Kepada pers, Laksamana TNI Agus Suhartono mengatakan, ia akan mengutamakan reformasi dalam tubuh TNI; dengan mempertahankan netralitas serta penataan organisasi TNI.
“Kita akan menata kembali organisasi TNI serta mempertahankan netralitas TNI. Bagaimana kita mempertahankan netralitas TNI, kemudian membangun kekuatan pokok minimum yang akan kita bangun bertahap, secara bertahap,” kata Agus Suhartono.
Sementara untuk penanganan terorisme dan penjagaan batas-batas wilayah, Agus Suhartono menegaskan hal ini ikut menjadi prioritas utama TNI. Ia menambahkan, pasukan TNI akan selalu disiagakan untuk membantu kepolisian dalam memberantas terorisme.
“Kopassus sekarang juga latihan dengan SAS (pasukan khusus) Australia , TNI Angkatan Laut juga latihan. Tetapi pengerahan keterlibatan dalam penanggulangan terorisme ya kita tunggu dari Badan Penanggulangan Antiteror. Pasukan kita siap. Tugas kita kan menyiapkan (pasukan TNI) agar siap. Sekarang kan bagaimana menggunakannya. Saya kira polisi juga punya perhitungannya sendiri,” jelas Agus Hartono.

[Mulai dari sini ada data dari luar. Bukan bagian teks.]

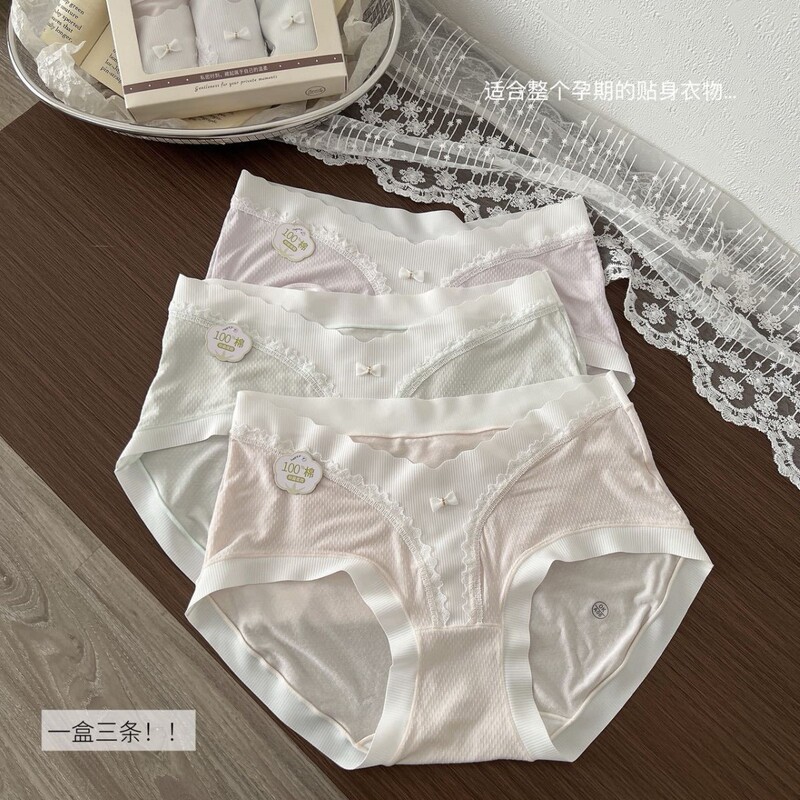 Y305 # Texture-Rich Ecosilk 100% Cotton Crotch/Panties for Pregnant Women, Antibacterial, Japanese Style, Cute New Model. Y305 # Texture-Rich Ecosilk 100% Cotton Crotch/Panties for Pregnant Women, Antibacterial, Japanese Style, Cute New Model.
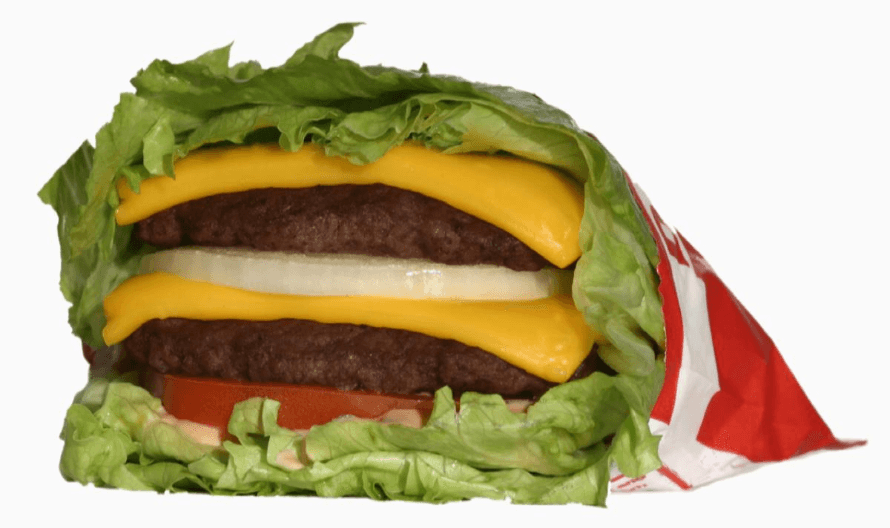 In-N-Out Burger Protein Style Double-Double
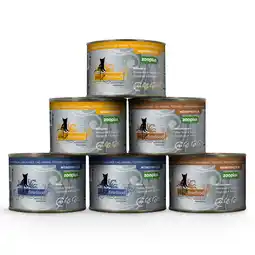Zooplus 24x200g kalkoen, kangoeroe, wild zwijn mix pack catz finefood monoprotein zooplus nat kattenvoer aanbieding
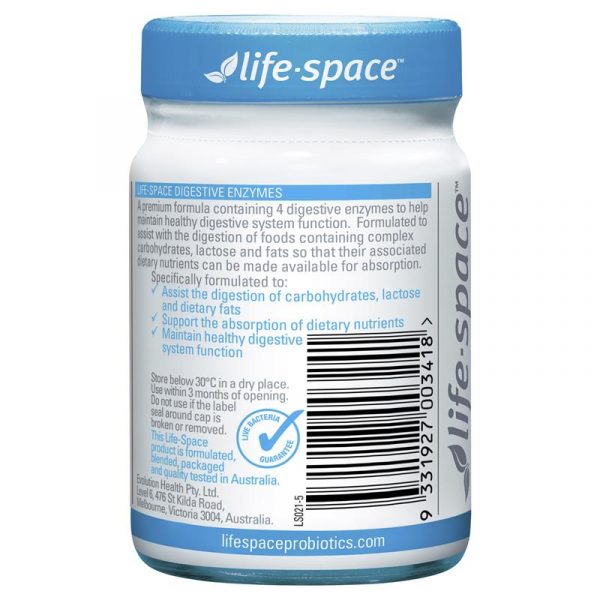 Life Space Digestive Enzymes 60 Capsules 2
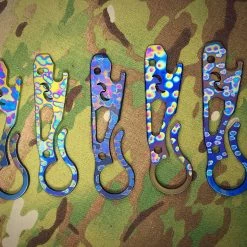 Custom Knives Liong Mah "bacteria" Anodized Titanium Xeno - Free Shipping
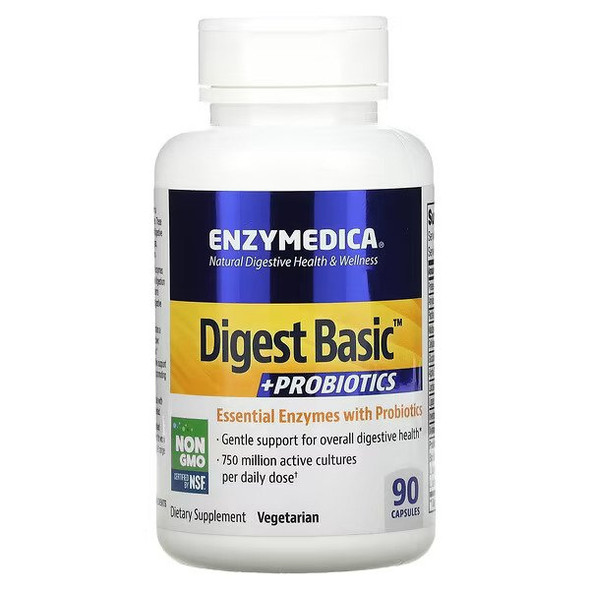 Enzymedica Digest Basic, + Probiotics 90 Capsules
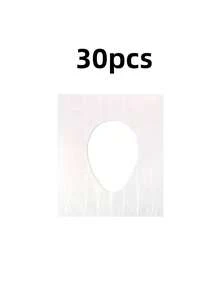 50pcs/Pack Travel Disposable Waterproof Toilet Seat Covers, Portable Airplane Public Restroom Bacteria Protection Accessories For Camping Road Trips Bathroom Decor Summer - Multicolor - View 13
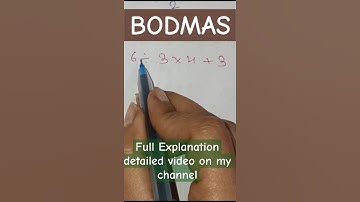 Easy Maths BODMAS rule question solving method #maths #bodmas #solution #viral #youtubeshorts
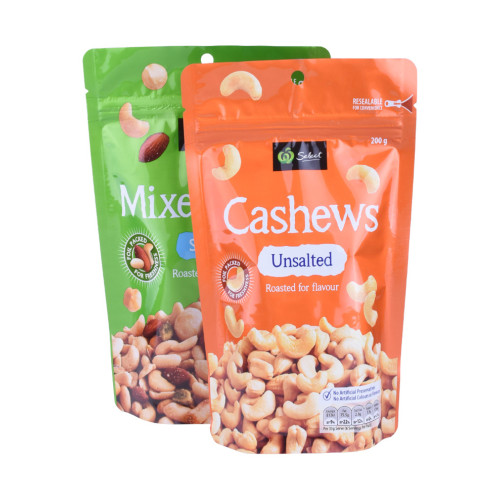 Custom Printed K Bottom Seal Protein Snack Bags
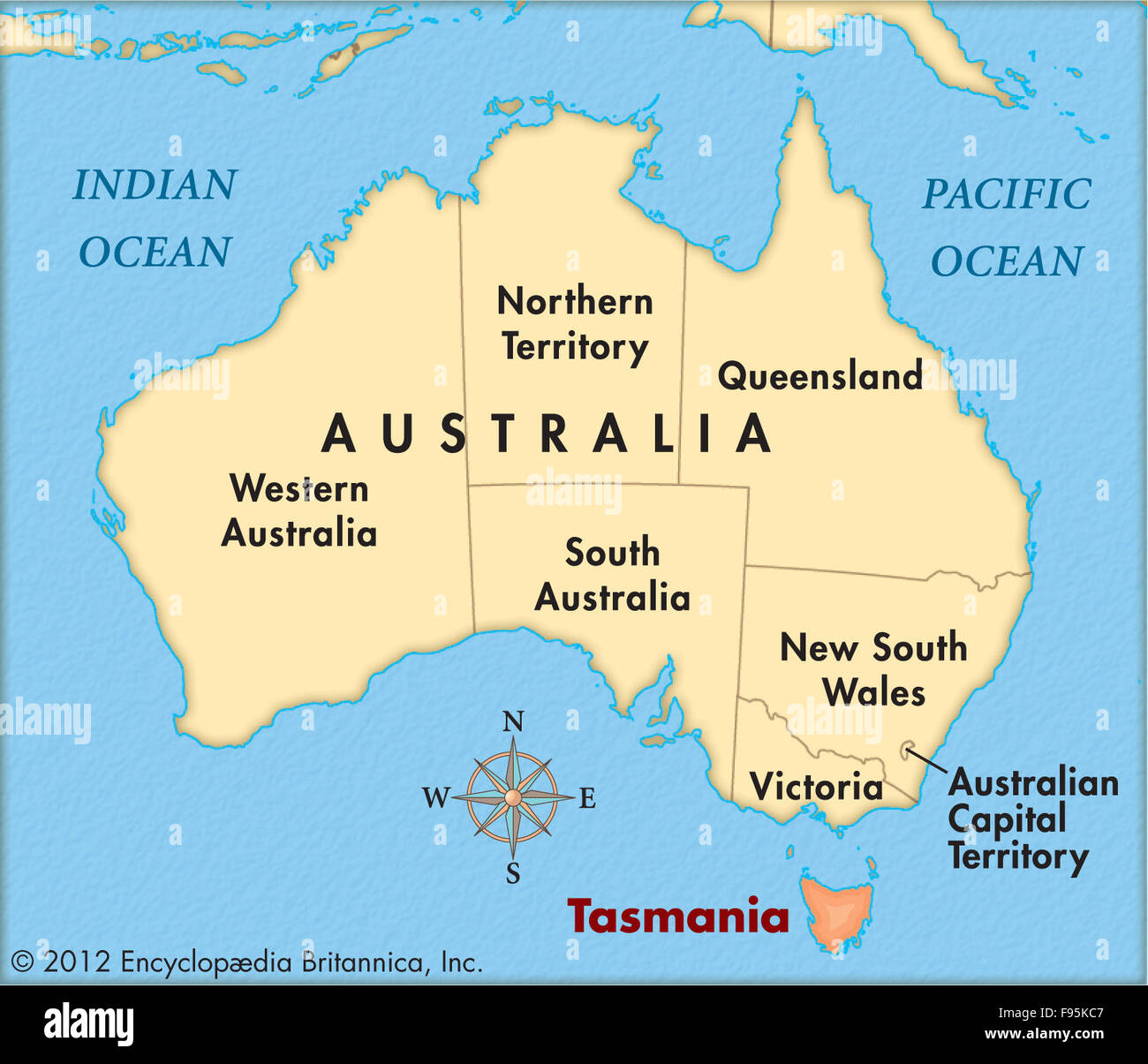 Tasmania Maps Fotos e Imágenes de stock Alamy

Kapolri Jenderal Polisi Bambang Hendarso Danuri baru-baru ini mengatakan, Komando Pasukan Khusus (KOPASSUS) kemungkinan akan ikut serta dalam penanganan terorisme, bersama-sama dengan Detasemen Khusus 88 Antiteror.
Pengamat bidang keamanan dan hubungan internasional dari Universitas Indonesia , Andi Widjajanto, mengatakan pelibatan Kopassus harus melalui keputusan politik dari Presiden.
“Ajakan dari Kapolri itu harus ditindaklanjuti dengan keputusan politik oleh presiden, bisa berupa perintah lisan dari Presiden, bisa juga Peraturan Presiden tentang perbantuan. Jauh lebih ideal lagi peraturan Undang-Undang tentang Tugas Perbantuan (TNI kepada Polri),” kata Andi.
Ketua Komisi 1 DPR RI, Machfudz Siddiq, menilai pelibatan Kopassus diperlukan agar penumpasan terorisme di Indonesia bergerak secara terpadu.
“Kalau kita lihat salah satu yang menjadi celah radikalisasi dan terorisme, itu bahwa mereka (jaringan teroris) melihat TNI menjaga jarak dengan polisi, TNI itu tidak mempunyai peran langsung, sehingga dalam menjalankan aksi-aksinya mereka (teroris) pikir hanya perlu berhadapan dengan Polri,” ungkap Machfudz Siddiq.
Machfudz menambahkan, TNI dan Polri perlu membuka komunikasi yang luas dengan aparat keamanan negara tetangga. Alasannya, peta jaringan terorisme Asia Tenggara dan jalur perdagangan senjata ilegal sangat luas; mulai dari Pattani, Thailand, Mindanao di Filipina, hingga Solo, Jawa Barat, dan Aceh.